--- WHAT IS NEEDED ---
Copy out the lines of the records below, and only those lines, from the one with "Wall Outlet Space" through the one with "Klapki damskie na", exactly as they appear.

--- DATA SHOWN ---
--

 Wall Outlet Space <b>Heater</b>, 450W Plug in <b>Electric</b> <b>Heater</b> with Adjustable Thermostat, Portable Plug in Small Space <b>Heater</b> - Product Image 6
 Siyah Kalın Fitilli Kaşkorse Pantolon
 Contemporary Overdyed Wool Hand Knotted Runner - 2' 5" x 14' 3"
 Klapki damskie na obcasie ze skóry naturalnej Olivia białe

--

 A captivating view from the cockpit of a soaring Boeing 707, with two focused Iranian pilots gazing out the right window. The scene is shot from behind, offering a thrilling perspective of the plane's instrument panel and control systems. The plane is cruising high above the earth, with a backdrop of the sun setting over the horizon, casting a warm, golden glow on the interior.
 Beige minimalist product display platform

--

--- RESPONSE TO THE TASK ---
 Wall Outlet Space <b>Heater</b>, 450W Plug in <b>Electric</b> <b>Heater</b> with Adjustable Thermostat, Portable Plug in Small Space <b>Heater</b> - Product Image 6
 Siyah Kalın Fitilli Kaşkorse Pantolon
 Contemporary Overdyed Wool Hand Knotted Runner - 2' 5" x 14' 3"
 Klapki damskie na obcasie ze skóry naturalnej Olivia białe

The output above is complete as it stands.